Describe any pattern you see in the results. Relate your findings to what we discussed during lectures. Include data to justify your findings.


*ADD YOUR FINDINGS HERE*

When the model employs all available data for training, both the training and validation accuracy are high with minimal variance, leading to low mean squared errors; as justified in the results dataframes above. By contrast, using only the first two columns of data will result in a decrease in training and validation accuracy, and a rise in mean squared errors, resulting in an underfitting model pattern with a high bias. Finally, when only a small fraction of the data (1%) is used for training, the training accuracy increases and the validation accuracy decreases, reflecting a decrease in training MSE and an increase in validation MSE. This is a clear pattern of overfitting with high variance, as the model becomes too closely tied to the training data and struggles to generalize to new data due to the lack of samples to train the model effectively (not complex enough).


## 5. Reflection
Include a sentence or two about:
- what you liked or disliked,
- found interesting, confusing, challangeing, motivating
while working on this assignment.


*ADD YOUR THOUGHTS HERE*

1. I liked being able to finally build and create models of my own using scikit-learn and seeing how the model behaves with a different variety of training data.
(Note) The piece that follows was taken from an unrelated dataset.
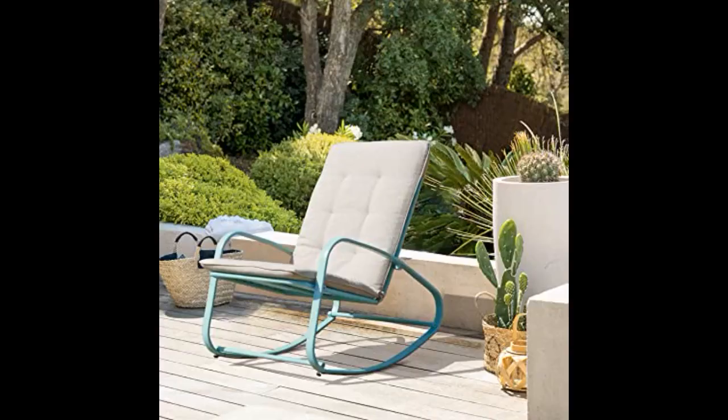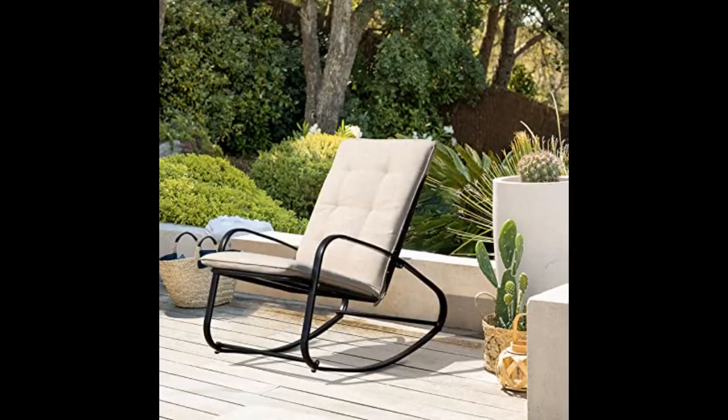This chair is nice and looks great on my porch. I don't like that it always leans back.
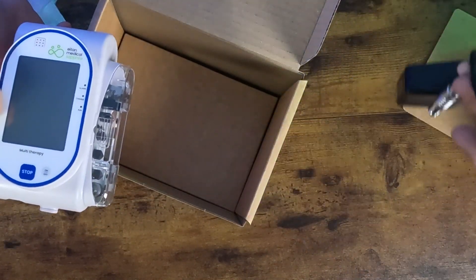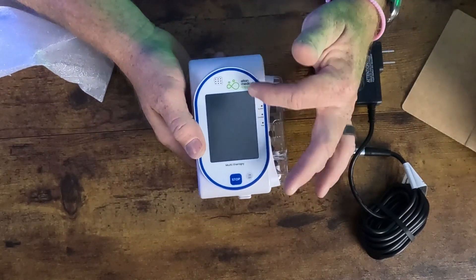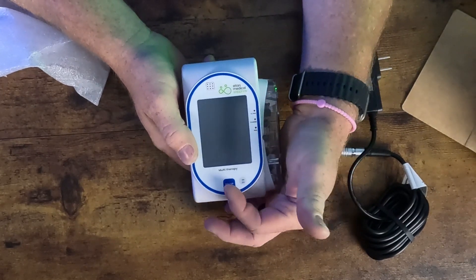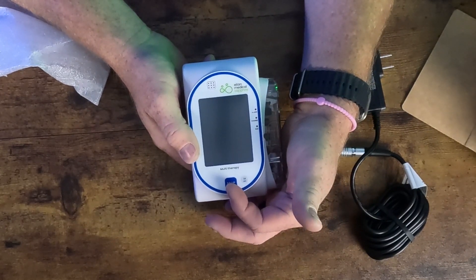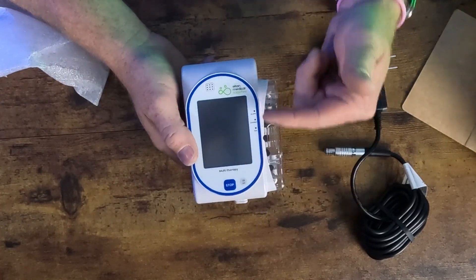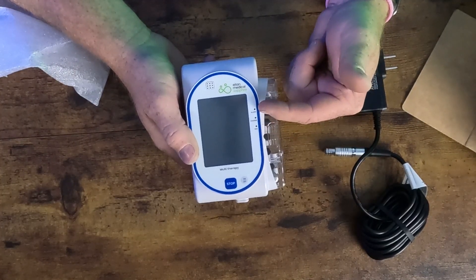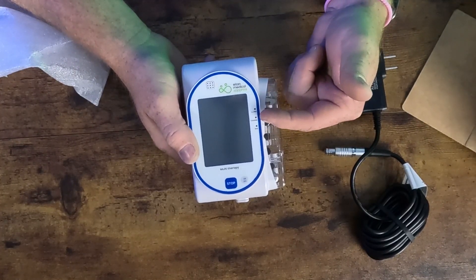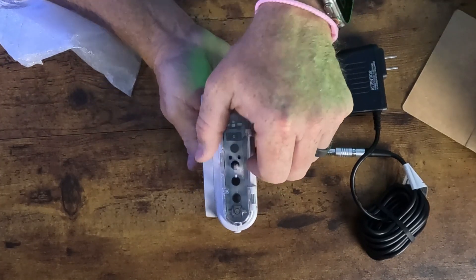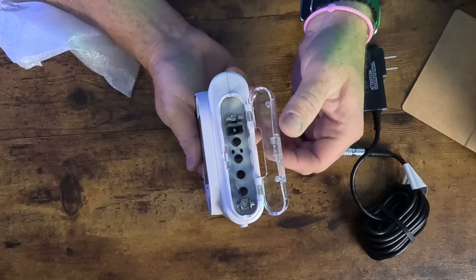A quick overview of the pump: it's a pressure-sensitive touchscreen — not like a cell phone sensing heat, this is a pressure screen. There are two buttons on the face of the pump: the stop button stops an infusion at any time, and the power button powers the device on and off. Three LED lights on the right side — an alarm light that illuminates when there's an active alarm, a charge indicator, and a run light that illuminates green.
This exercise was able to help me dive deeper into gaining knowledge on machine learning which I also thoroughly enjoyed.

2. Machine learning can be applied to a variety of tasks, such as categorizing items into different classes or estimating numerical values, through classification and regression models. What makes this area of study interesting is the range of techniques and models available to choose from, each with their own strengths and weaknesses, which was confusing to me at first when I had no prior experiences with these models. This subject can also be challenging because it involves many mathematical concepts and requires a good understanding of statistics and linear algebra. However, once these concepts are understood, the ability to build models that can make predictions accurately is a very motivating experience.